• **DATASET EXTRACT**:

****************************************

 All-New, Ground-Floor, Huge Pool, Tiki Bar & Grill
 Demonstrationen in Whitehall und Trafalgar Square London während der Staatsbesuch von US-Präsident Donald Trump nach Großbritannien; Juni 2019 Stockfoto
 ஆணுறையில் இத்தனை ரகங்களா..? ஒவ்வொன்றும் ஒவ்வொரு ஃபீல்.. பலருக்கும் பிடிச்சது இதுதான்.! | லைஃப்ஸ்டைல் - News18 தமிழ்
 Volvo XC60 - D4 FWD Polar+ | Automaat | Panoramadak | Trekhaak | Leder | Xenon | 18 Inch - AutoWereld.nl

****************************************

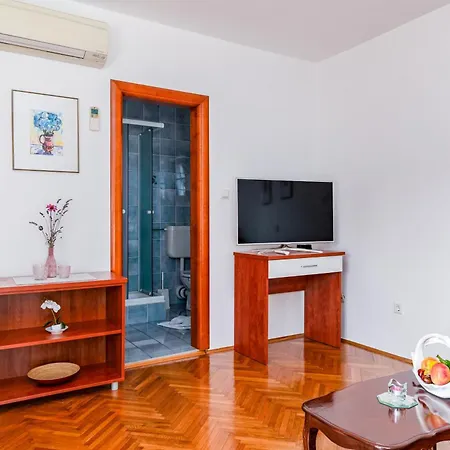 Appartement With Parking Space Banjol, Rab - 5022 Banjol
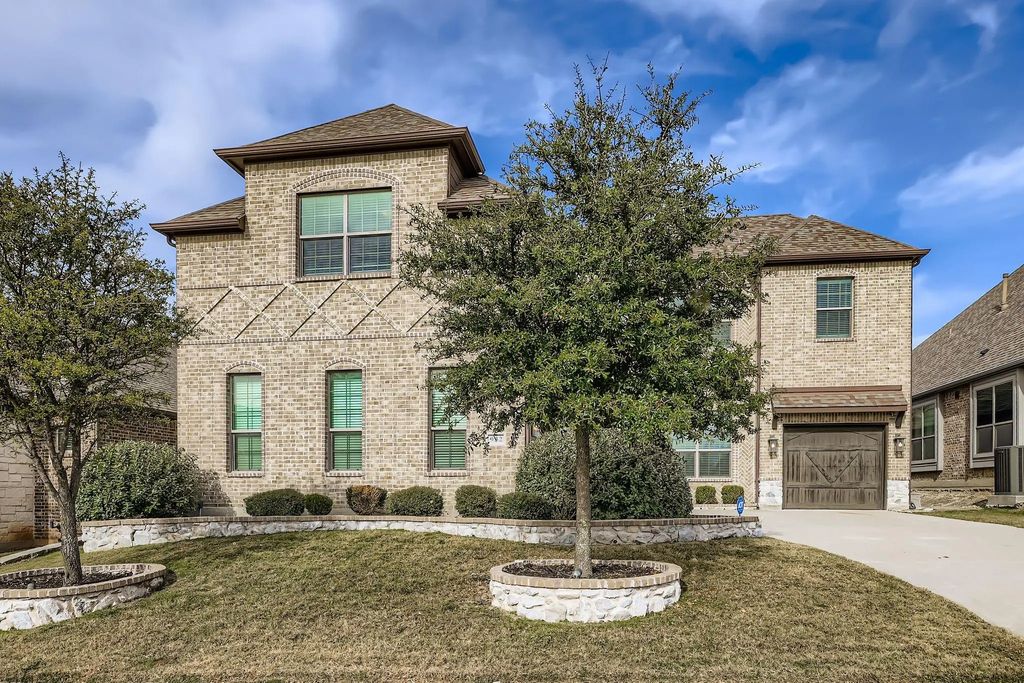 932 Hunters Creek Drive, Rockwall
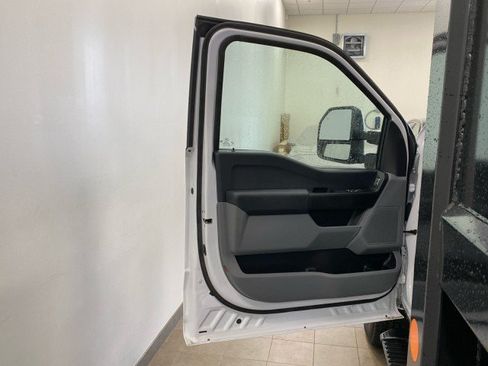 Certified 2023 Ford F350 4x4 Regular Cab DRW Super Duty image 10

****************************************

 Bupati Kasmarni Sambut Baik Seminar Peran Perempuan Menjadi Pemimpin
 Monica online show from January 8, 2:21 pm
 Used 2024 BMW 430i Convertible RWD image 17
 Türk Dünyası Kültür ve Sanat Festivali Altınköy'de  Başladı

****************************************

• **PROBLEM TO SOLVE**: From the records above, copy only the lines running from the line holding "Appartement With Parking" through the line holding "Certified 2023 Ford", with no pictures.

• **TASK RESULT**:
 Appartement With Parking Space Banjol, Rab - 5022 Banjol
 932 Hunters Creek Drive, Rockwall
 Certified 2023 Ford F350 4x4 Regular Cab DRW Super Duty image 10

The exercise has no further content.